Add High-Gravity Beer To Wine In Grocery Stores Bills

  • Wednesday, January 29, 2014

Craft beer is booming in Chattanooga. With multiple annual beer festivals, five breweries with at least two more set to open this year, several growler shops and beer-centric pubs and restaurants, and a booming homebrewer community, Chattanooga is well-positioned to climb the charts as one of our nation's best beer cities --heck, livability.com thinks we're already in the Top 10. 

But there's an important roadblock to all this progress: Tennessee's antiquated and arcane beer cap. Beer in Tennessee is defined as a fermented malt beverage containing 5 percent or less alcohol by weight (~6.2 percent abv). Any beer above that cap is defined as "high-gravity beer" and can only be purchased in liquor stores.
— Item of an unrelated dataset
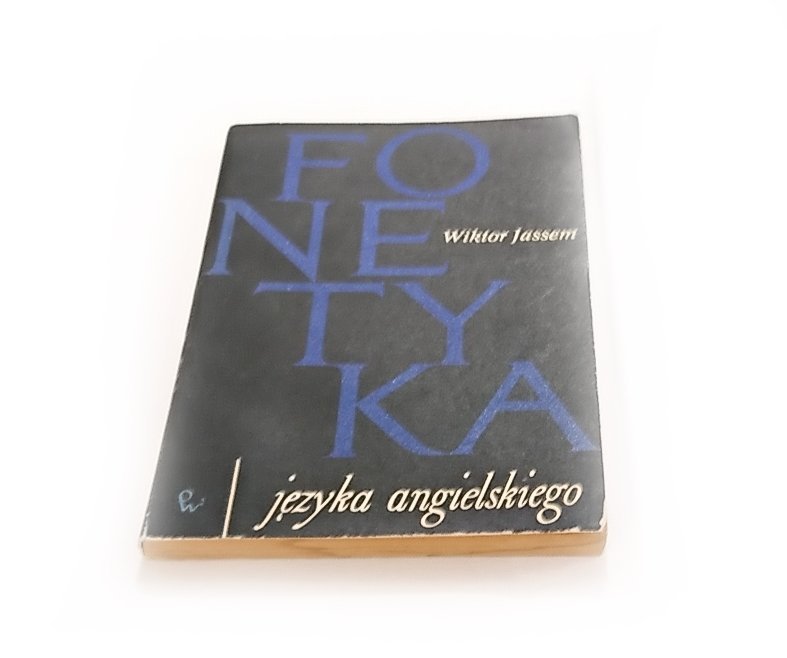 FONETYKA JĘZYKA ANGIELSKIEGO - Wiktor Jassem 1972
Many of these liquor stores simply choose not to carry beer or they otherwise relegate beer to hot and dusty back shelves. While we're lucky to have some exceptions in Chattanooga, they are few and far between. 
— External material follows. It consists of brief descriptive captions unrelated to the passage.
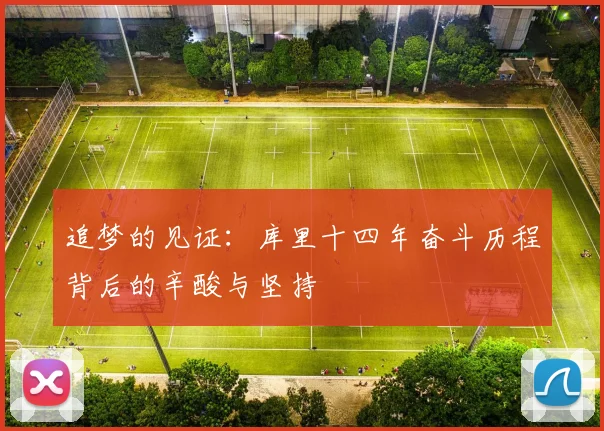 追梦的见证：库里十四年奋斗历程背后的辛酸与坚持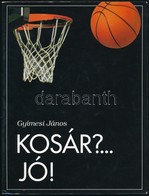 Gyímesi János: Kosár? ... Jó! Hn., 1998, OOK-Press Kft. Fekete-fehér Fotókkal Illusztrált. Kiadói Papírkötésben. - Unclassified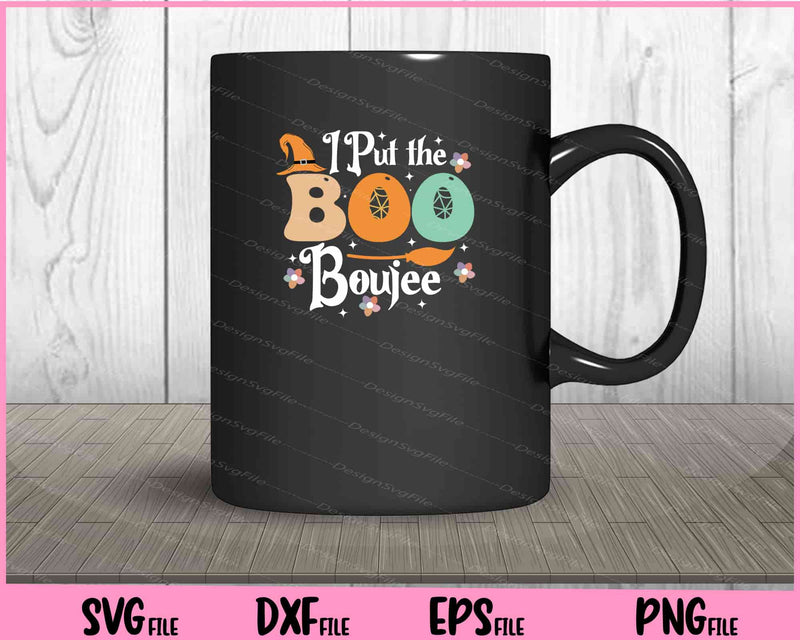 I Put The Boo IN The Boujee Svg Cutting Printable Files  - Premium Cutting Files in SVG, PNG & EPS Formats - Premium SVG Cutting Files for Crafts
HB47 and HB610 are finally moving forward in the Tennessee House. These bills aim to allow wine in grocery stores. These are important bills that not only allow Chattanooga consumers more choices, but also keep us from driving just across the Georgia state line to enjoy a wider (and cheaper) selection of wine any day of the week. These bills deserve our support and I know many of you have already written your local legislator to encourage passage. 

What these bills are missing is language to allow the sale of high-gravity beers in grocery stores as well. With the bills as they are currently written, later this year, you might walk into your local grocery store and see a brand new aisle of nothing but wine --wines ranging up to 18 percent alcohol by volume. Unfortunately, the beer cooler will look exactly the same. You'll still be limited to around 6.2 percent alcohol by volume. If you want a wider selection, you'll have to go to a liquor store --one that actually carries beer. 

I often hear the question, "Why can't we get 'Really Awesome Brewery' beers in Chattanooga?" It's simple: most breweries have a wide range of beers that run the gamut from low gravity to high gravity. If they can't sell their full portfolio here without distributing to different types of stores and navigating tricky tax code, why bother? Fort Oglethorpe is just across the border and they'll sell anything a brewery throws at them.  

Please, take just a few moments and write your local legislator. Let them know that we need high gravity beer added to the language in HB47 and HB610.